Tuesday, September 28th, 2010

Ke$ha – Take It Off

Not a cover of The Donnas’ only top 40 hit, sadly…



[Video][Website]
[5.62]

Anthony Easton: This could have been an Amanda Lear B-Side from 1976, though any place that goes hardcore most likely does not have glitter on the floor.
[7]

Al Shipley: I never thought anyone would find a way to force their voice into uglier, more curdled tones via AutoTune than Kanye. But whenever you think pop has hit rock bottom, there’s a white girl standing there with a shovel and a shit-eating grin, ready to dig deeper.
[0]

Michaelangelo Matos: Shamelessness is the root of what I like about her. Her voice and music really aren’t. So her leap aboard the robo-bandwagon doesn’t have much to recommend it aside from its shamelessly tour-guide-like lyrics (“It’s a dirty free-for-all”).
[4]

Alfred Soto: Every time she reminds the hapless audience about a “place downtown,” I want her to actually describe it instead of exhorting us to take “it” off.

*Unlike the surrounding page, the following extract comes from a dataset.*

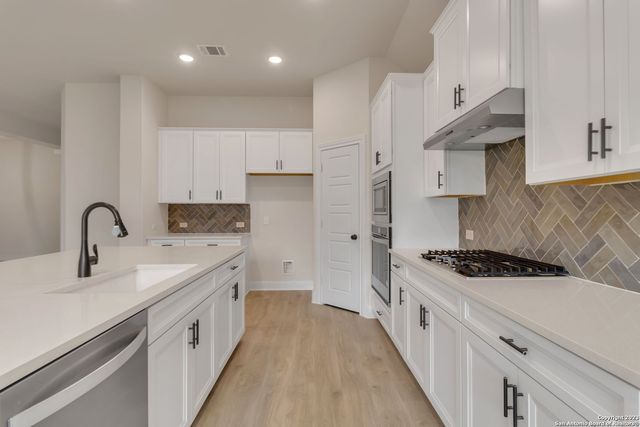 107 MATADOR, Boerne, TX 78006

She reminds me of the friend who gets hammered at my place before heading to the bar and making a fool of himself. I don’t care if you wind up saving money.
[4]

Katherine St Asaph: Oh my God, Ke$ha saved top 40. I know I’d heard this before it was released as a single, and I think I danced to it once or twice (it’s not really the sort of song conducive to remembering how much you danced, or where or how.) You can’t really appreciate “Take It Off,” though, until it wades into the flood of dance muck spewed nonstop into the radio by Usher, Eminem, Enrique and wallops them all with Ke$ha’s bottle o’ Jack. She’s still autotuned to Hades, but all the processing in the world can’t blunt the sheer animal force of her voice (or maybe that’s processing too, but let’s pretend) as she tears through a backing track more propulsive and dangerous than anything in rotation now or for the past few months. It isn’t surprising, per se; every other dance song on the radio’s played through a minor-key haze, just begging to be stripped of its beats and made into a lament. The fundamental difference, though, is that Ke$ha’s clearly trying to sound fucked up, while everything else aims for sexy but instead hits desolate. The biggest surprise is that this is Dr. Luke. Why the hell doesn’t he write them all like this?
[10]

Chuck Eddy: Distorted electrobeats, places in France where ladies don’t wear pants (foolproof hook at least since P-Funk days), whiskey-filled water bottles in the handbag, lost minds, lost clothes, schizzy switch-ups, dirty downtown dive that may well be supposed to imply glory holes but ought to remind everybody of somewhere (my wife says the old Siberia bar, in Manhattan). One of my fave tracks when the album came out, and it’s still up there. Better than Chic’s identically named song.
[8]

John Seroff: I was kinda hoping I actually heard “now we lookin’ like pubes/in my gold Trans-Am” in “Take It Off”, but that would be actually transgressive and for all her bad girl posing, being genuinely nasty isn’t Ke$ha’s business. It’s an odd feat to autotone down a century old song, but this rendition of “The Streets of Cairo” isn’t half as dirty as the original (Fun Fact Corner: didja know the original lyrics read “Oh the girls in France/Wear their whiskers in their pants/And the things they do/Would kill a Russian Jew”?). Ke$ha may be more fun to listen to once she either gets down to serious hootchie-kootchying or cops to Radio Disney aspirations but this schtick is getting old and Animal is already aging poorly for me.
[6]

Kat Stevens: Sometimes you just can’t keep a good tune down. Ke$ha joins a huge club of dudes that have pillaged “The Streets Of Cairo” for any Sphinx/Pyramid scene-setting requirements over the years (attention songwriters: “Streets” only went out of copyright in 2008 so is now RIPE for exploitation!). Ke$ha’s version sounds most like the Egyptian Tribe level in Lemmings 2.
[6]

24 Responses to “Ke$ha – Take It Off”

  1. I meant to fact-check that date before the deadline, whoops. It’s either 1988 or 2008 depending on a complicated set of reversionary rights rules, but 2008 sounds better. Hurray!

  2. Sorry I missed it.

    I’m closer to Katherine than anyone else on the song, but she’s released better singles and has better songs still on the album. The idea that she saved Top 40 deserves serious consideration, though. (I’d say it’s closer to her having saved Top 10, since that’s what most Hot Hits stations actually play, but let’s not quibble.)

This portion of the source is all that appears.